Exact reproduction of every entry is required.

☆ ☆ ☆ ☆ ☆ ☆ ☆

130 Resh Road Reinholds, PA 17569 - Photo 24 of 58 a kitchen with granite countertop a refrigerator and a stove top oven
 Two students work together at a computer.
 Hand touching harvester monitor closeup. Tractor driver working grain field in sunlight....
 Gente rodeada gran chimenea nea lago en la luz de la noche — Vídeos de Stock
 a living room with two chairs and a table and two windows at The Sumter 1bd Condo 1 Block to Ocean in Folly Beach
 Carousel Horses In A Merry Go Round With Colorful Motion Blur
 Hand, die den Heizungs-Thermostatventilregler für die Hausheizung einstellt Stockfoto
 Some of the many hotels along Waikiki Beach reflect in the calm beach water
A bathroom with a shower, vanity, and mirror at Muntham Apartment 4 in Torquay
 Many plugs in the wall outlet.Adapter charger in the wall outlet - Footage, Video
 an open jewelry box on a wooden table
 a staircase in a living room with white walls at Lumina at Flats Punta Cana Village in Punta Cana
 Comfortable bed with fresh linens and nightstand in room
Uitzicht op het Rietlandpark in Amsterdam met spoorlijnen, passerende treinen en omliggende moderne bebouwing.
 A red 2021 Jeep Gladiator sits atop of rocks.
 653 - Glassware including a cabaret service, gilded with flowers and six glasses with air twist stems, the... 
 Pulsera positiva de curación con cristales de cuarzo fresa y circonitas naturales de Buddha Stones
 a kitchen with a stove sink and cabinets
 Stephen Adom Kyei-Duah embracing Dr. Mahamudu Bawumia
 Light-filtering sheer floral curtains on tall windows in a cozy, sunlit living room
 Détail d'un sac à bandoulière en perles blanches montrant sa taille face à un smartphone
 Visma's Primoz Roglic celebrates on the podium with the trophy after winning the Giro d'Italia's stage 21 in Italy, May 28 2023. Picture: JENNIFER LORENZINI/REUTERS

☆ ☆ ☆ ☆ ☆ ☆ ☆

## Result of this exercise
130 Resh Road Reinholds, PA 17569 - Photo 24 of 58 a kitchen with granite countertop a refrigerator and a stove top oven
 Two students work together at a computer.
 Hand touching harvester monitor closeup. Tractor driver working grain field in sunlight....
 Gente rodeada gran chimenea nea lago en la luz de la noche — Vídeos de Stock
 a living room with two chairs and a table and two windows at The Sumter 1bd Condo 1 Block to Ocean in Folly Beach
 Carousel Horses In A Merry Go Round With Colorful Motion Blur
 Hand, die den Heizungs-Thermostatventilregler für die Hausheizung einstellt Stockfoto
 Some of the many hotels along Waikiki Beach reflect in the calm beach water
A bathroom with a shower, vanity, and mirror at Muntham Apartment 4 in Torquay
 Many plugs in the wall outlet.Adapter charger in the wall outlet - Footage, Video
 an open jewelry box on a wooden table
 a staircase in a living room with white walls at Lumina at Flats Punta Cana Village in Punta Cana
 Comfortable bed with fresh linens and nightstand in room
Uitzicht op het Rietlandpark in Amsterdam met spoorlijnen, passerende treinen en omliggende moderne bebouwing.
 A red 2021 Jeep Gladiator sits atop of rocks.
 653 - Glassware including a cabaret service, gilded with flowers and six glasses with air twist stems, the... 
 Pulsera positiva de curación con cristales de cuarzo fresa y circonitas naturales de Buddha Stones
 a kitchen with a stove sink and cabinets
 Stephen Adom Kyei-Duah embracing Dr. Mahamudu Bawumia
 Light-filtering sheer floral curtains on tall windows in a cozy, sunlit living room
 Détail d'un sac à bandoulière en perles blanches montrant sa taille face à un smartphone
 Visma's Primoz Roglic celebrates on the podium with the trophy after winning the Giro d'Italia's stage 21 in Italy, May 28 2023. Picture: JENNIFER LORENZINI/REUTERS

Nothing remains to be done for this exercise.